Data excerpts:
------------

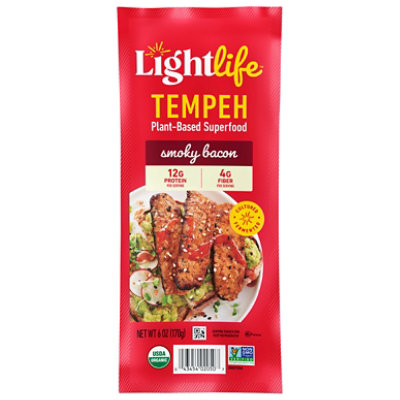 Lightlife Organic Tempeh Strips Smoky Fakin Bacon Vacuum Packed - 6 Oz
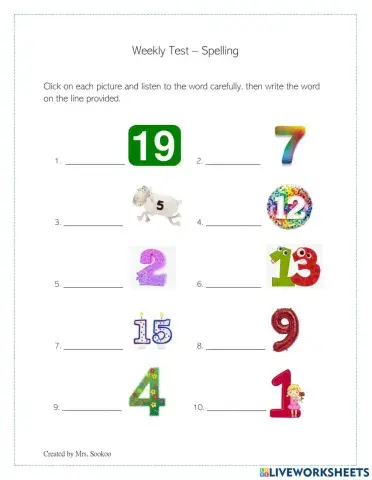 Spelling Test 17th Sept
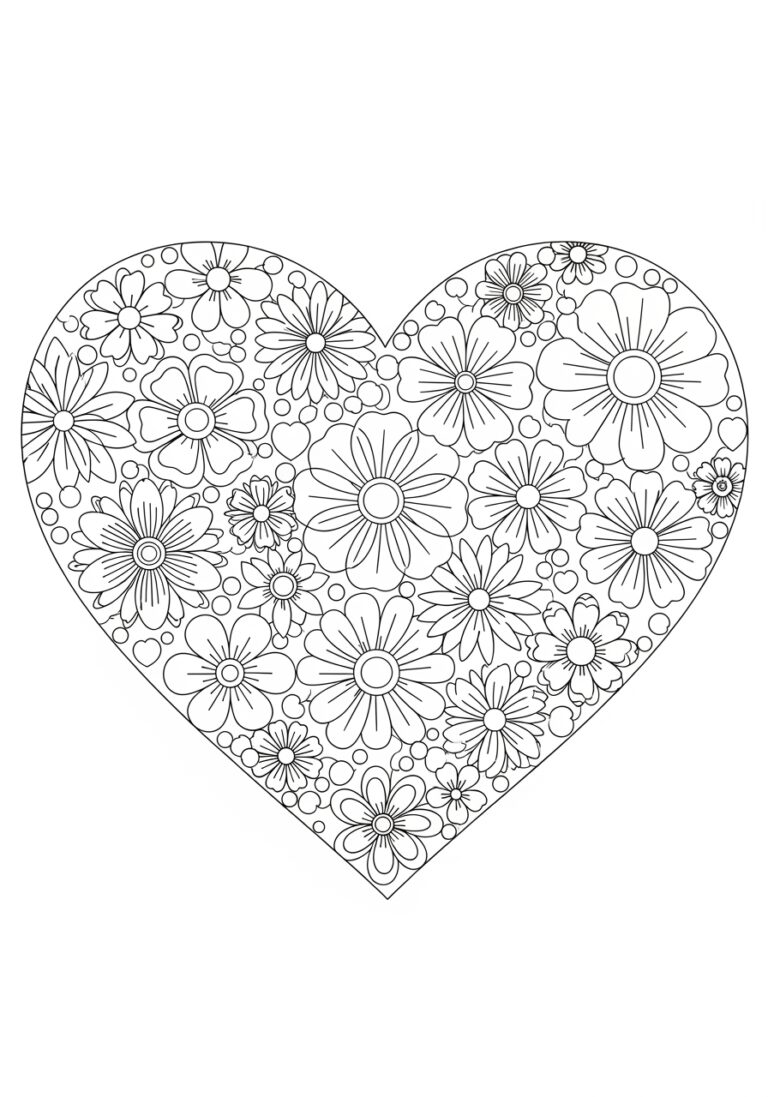 Coloring Page Flower and Heart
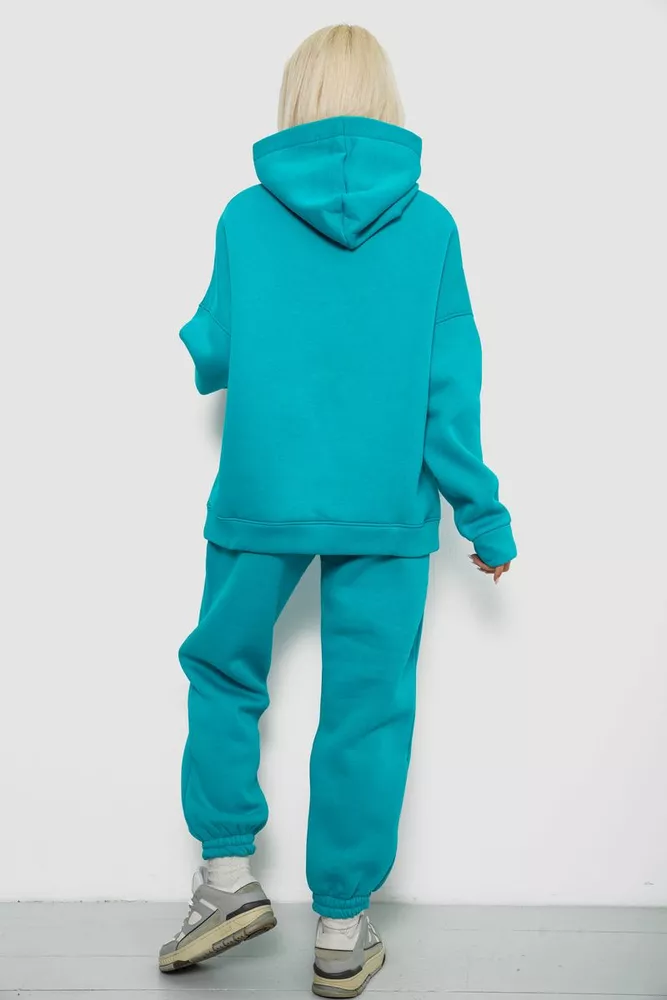 Купить Спортивный костюм женский на флисе, цвет бирюзовый, 247R2011K - Фото №4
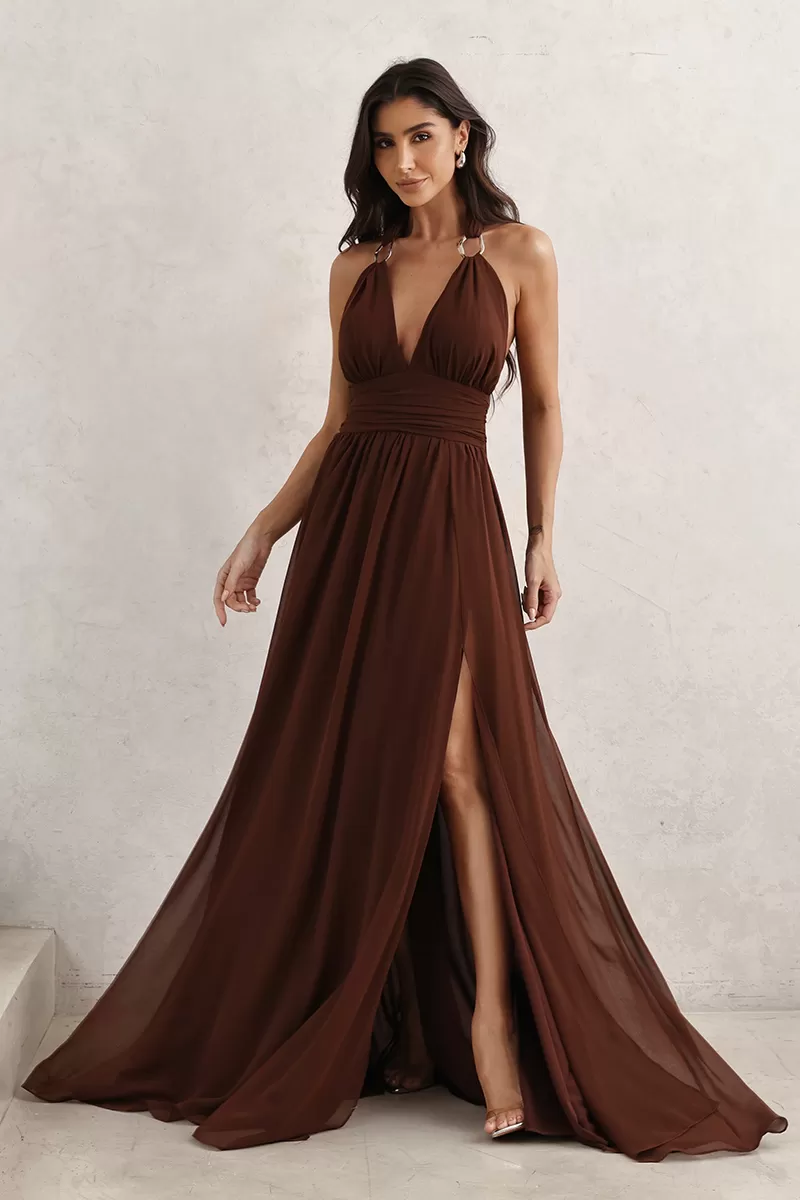Dot Clothing - Dot Clothing Long Dress with Brown Buckle - 2765MARROM Dot Clothing - Dot Clothing Long Dress with Brown Buckle - 2765MARROM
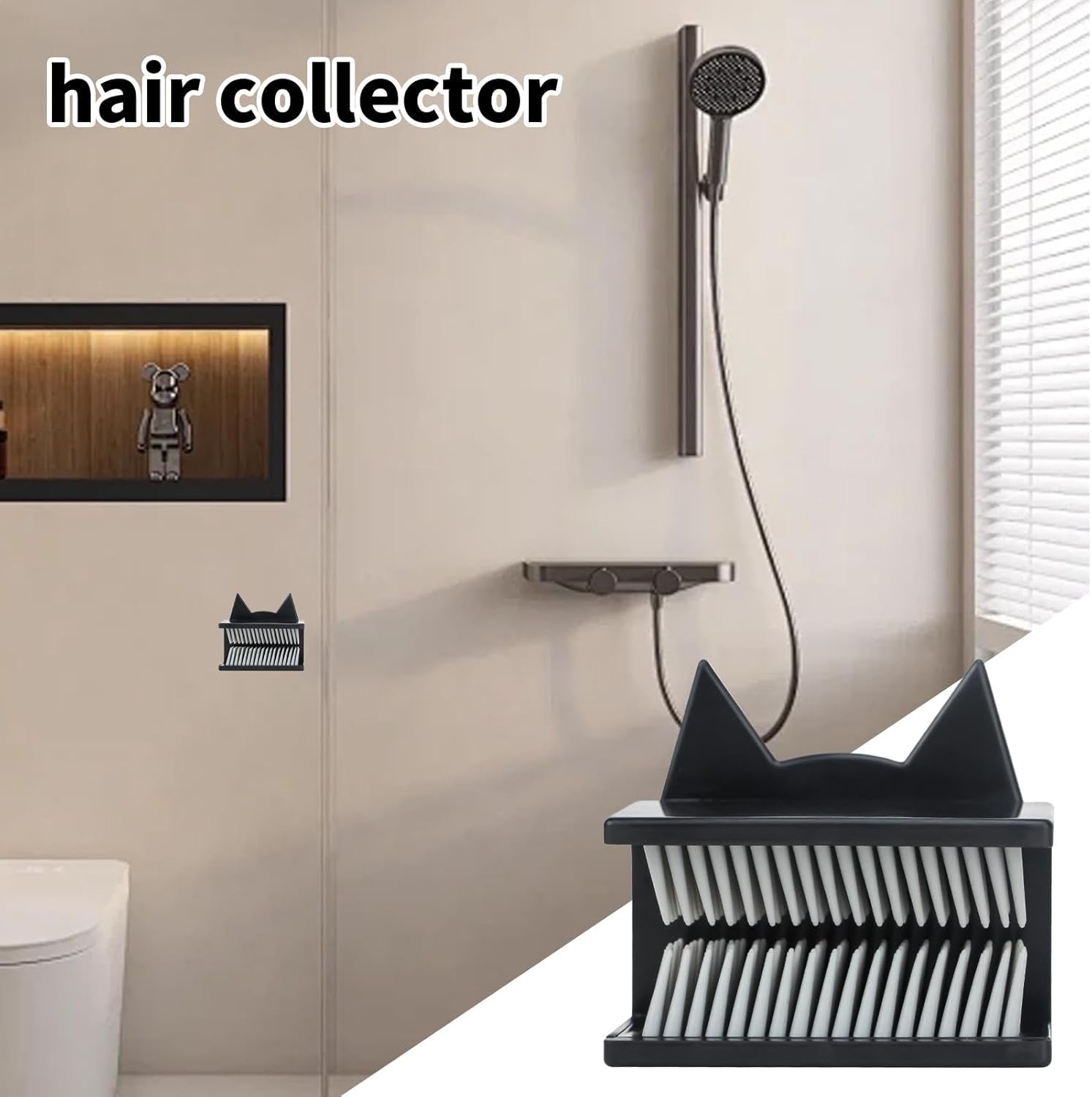 Shower Hair Catcher Wall - Reusable Drain Protector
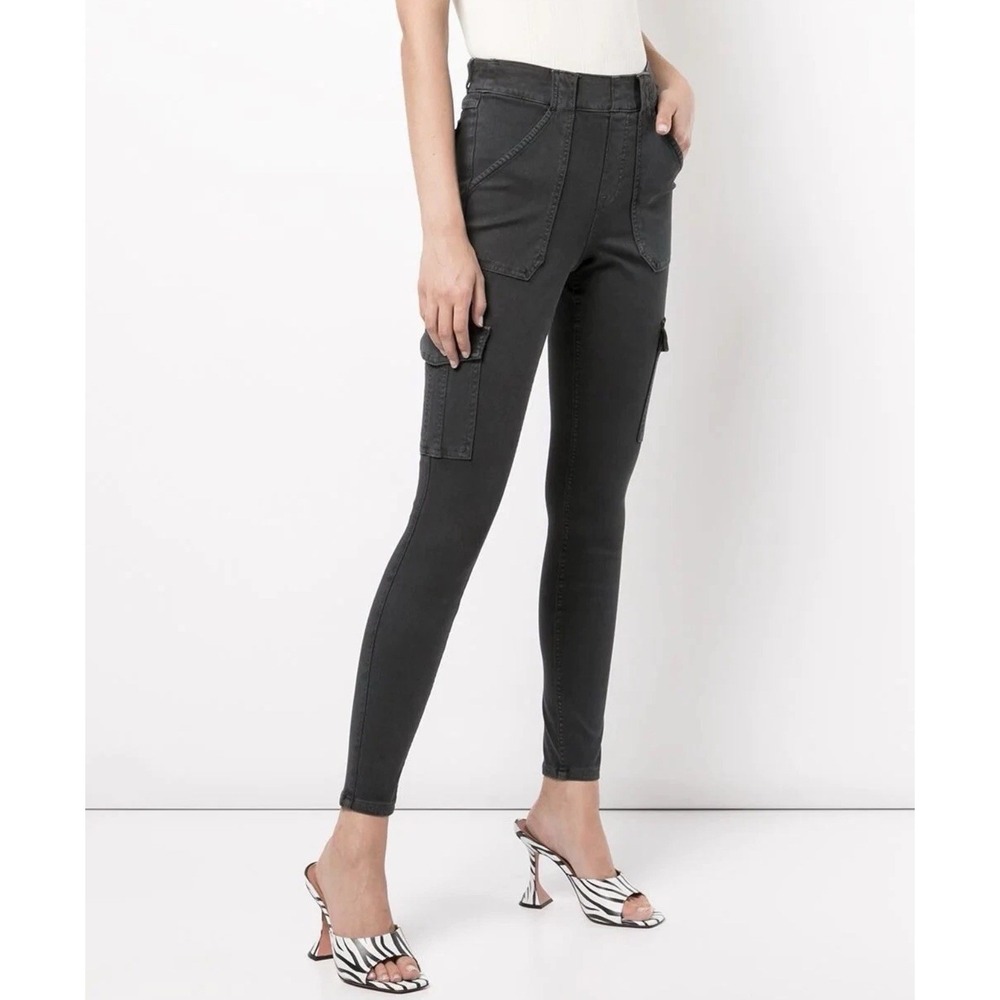 Spanx Stretch Twill Ankle Cargo Pant MEDIUM Washed Black 20311R Utility Slimming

------------

GOAL OF THE EXERCISE
From the first line of the records down through the line containing "Shower Hair Catcher", transcribe exactly those lines and no others, both ends kept, pictures dropped.

RESPONSE AREA
 Lightlife Organic Tempeh Strips Smoky Fakin Bacon Vacuum Packed - 6 Oz
 Spelling Test 17th Sept
 Coloring Page Flower and Heart
 Купить Спортивный костюм женский на флисе, цвет бирюзовый, 247R2011K - Фото №4
Dot Clothing - Dot Clothing Long Dress with Brown Buckle - 2765MARROM Dot Clothing - Dot Clothing Long Dress with Brown Buckle - 2765MARROM
 Shower Hair Catcher Wall - Reusable Drain Protector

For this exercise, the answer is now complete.